There is a reason why we at My Football Mentor say “no egos allowed” and “it’s all about the kids”. That’s because any sport at the high school or youth level should be about the kids that participate in the sport…period! Coaches are simply teachers of that sport. All the great coaches understand how to teach. I do not feel that a large ego is something that is beneficial in the sport of football, particularly relative to coaches. After all, what is it that we as coaches preach to players? “Football is not a me sport, it’s a we sport”. From that standpoint, a coach that preaches this to his kids but fails to put his ego aside for the good of a player or the team creates an environment that can be counter productive.
Have you ever heard a coach screaming at a player to “catch the ball” following a play where that player drops a pass or “hold on to the ball” after a player fumbles? This is not an effective method of coaching as it teaches the player nothing. In actuality, it can be counter productive in that it will create stress for the player and make that player even more apprehensive the next time a pass is thrown his way or the next time he carries the football.
The appropriate way to engage a player who drops a pass or fumbles a ball would be to ask the player if he knows why he dropped the pass or fumbled the ball. If the player can not give a reasonable explanation as to why the error occurred, it is the sole responsibility of the coach to explain why. Here is an example:
“Son, let me tell you why you dropped that pass. The ball was thrown low and away from you and you attempted to make the catch with your thumbs and index fingers together which caused you to reach for the ball with your hands above the ball and not below it. If the ball is thrown low and away from you, you need to make sure you have your pinkies together and you get your hands under the ball, scooping it so that your forearms are in a position to cradle the ball if you miss-handle it”. This would be an example of a teaching moment and coaching on the fly. The player will have learned from the experience and be better prepared to perform the catch the proper way the next time a ball is thrown to him.
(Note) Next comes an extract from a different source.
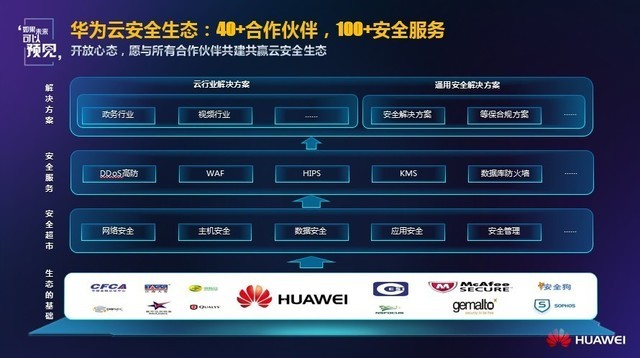 應急指揮系統(tǒng)運維服務_組織級運維服務目錄_服務器運維技術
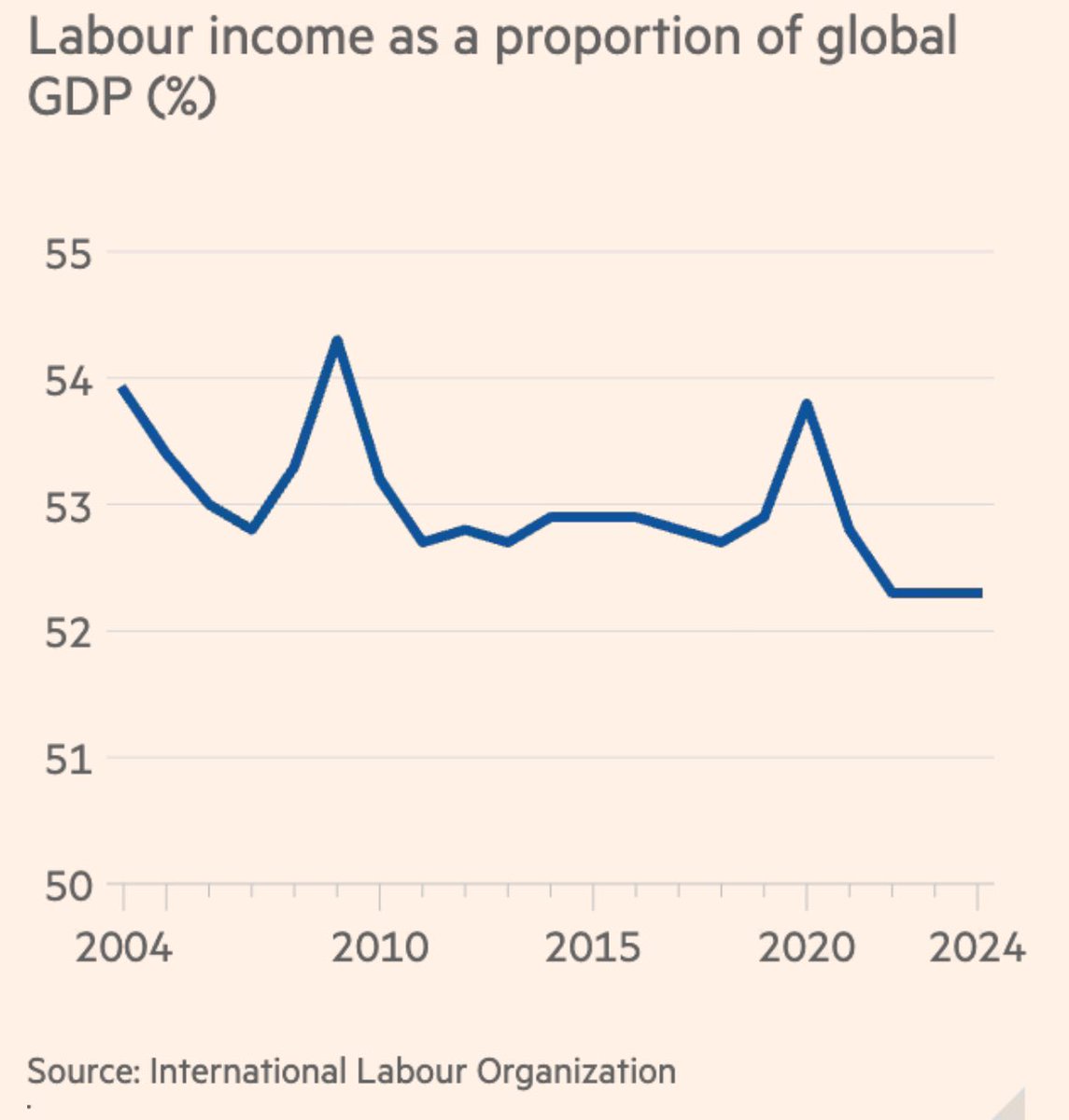 Globally, labour’s share of the pie has fallen for 20 years
🔗 on.ft.com/3TfxqME ILO report: ilo.org/node/668326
Another important “non-egotistical” characteristic of a good coach is one who will adapt to his personnel. In high school, as well as youth football, the personnel of a team can change every year. Coaches do not have the ability to hand-pick their talent such as in college and at the professional level. Due to this fact it is extremely important that a coach has the ability to adapt year in and year out to the personnel he has. It is very difficult to be successful year in and year out if a coach tries to fit the personnel to his system and not the other way around. Good coaches understand that a system needs to fit the available personnel. Does this mean that a system needs to completely change? No, but the coach needs to be able to tweak his system so that it takes advantage of the strengths of certain players. Good coaches understand the principle of putting players in the best position to succeed. This applies on a play by play basis just as it should on a season by season basis.
To summarize, I can’t emphasize enough that to be an effective coach you must be an effective teacher. Shouting “catch the ball” as a non-specific generalization is egotistical and non-productive. It does not teach the player anything and gives the impression that the coach has his own best interest in mind and not the players’. As well, running a system that does not take advantage of the strengths of personnel is also egotistical and gives the impression that it’s about the coach and his system and not in the best interest of the team and the personnel on that team.
A coach that understands how to be a teacher as well as how to adapt can have a group of kids that will play hard for him as they know that the coach cares about the success of each individual player and the team overall.